2.   At first Sylvia is stymied by all the famous writers in Adrienne’s store, but she goes on to open her own store and befriend the most famous writers of her day without being self-conscious about it. What do you think enabled her to call Ernest Hemingway, James Joyce, Ezra Pound, and the others her friends?

3.   Adrienne and Sylvia disagree about how much time and energy Sylvia devotes to James Joyce. Why does Sylvia give so much of herself to the writer? Why does Adrienne disagree? How does this difference alter their relationship?

4.   Sylvia risks her finances, her store, and her reputation to publish Ulysses because it’s a book and a cause she believes in. Have you ever taken an enormous risk for something you believed in?

5.   This novel is full of real-life strong women making history. Were any of their actions surprising to you, given the time period? Do you think there was something special about Paris at this particular time that made their actions possible?

6.   Sylvia ruminates on the term lost generation on pages 237–38 and wonders if it applies to her. Do you think it does? What about to Adrienne, Joyce, or any of the other characters?

7.   Sylvia calls her shop Shakespeare and Company. Discuss the second part of that name, and Company, and the way it arises as a theme throughout the book.

8.   The Paris Bookseller takes place from 1917 to 1936, from the end of the First World War into the Depression, and it’s being published one hundred years later. Did you detect any resonance with the twenty-first century as you read about the lives of these characters living a century ago? How are attitudes, laws, censorship, and art the same? How are they different?

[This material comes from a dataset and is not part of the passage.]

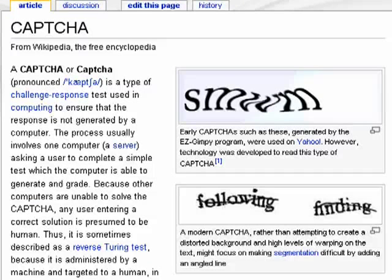Hi, this is Mike Callahan, Dr. FileFinder, and welcome to your Butterscotch.com tutorial on what is a CAPTCHA.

9.   Ulysses was an enormous achievement when it was published and continues to be one of the most celebrated books of English literature, though it’s still considered a very difficult book to read. Have you read it? Did having read it—or not—alter your appreciation of what Sylvia and James Joyce went through in order to bring it out into the world?

10. Because of its difficulty, Ulysses is also one of those novels that people often “fake” having read or keep on their TBR lists forever. We all have books like this! What books have you pretended to read? What books seem to be stuck forever on your TBR list?

11.  The original epic poem The Odyssey, by Homer—on which Joyce based his novel Ulysses—is about Odysseus trying to get home to Ithaca after the Trojan War so that he could be reunited with his wife, Penelope. In what ways do the themes of home and reunion pop up throughout The Paris Bookseller?

12. Many of us dream of owning a bookstore. If you owned one, what three authors—past or present—would you invite to read at your store?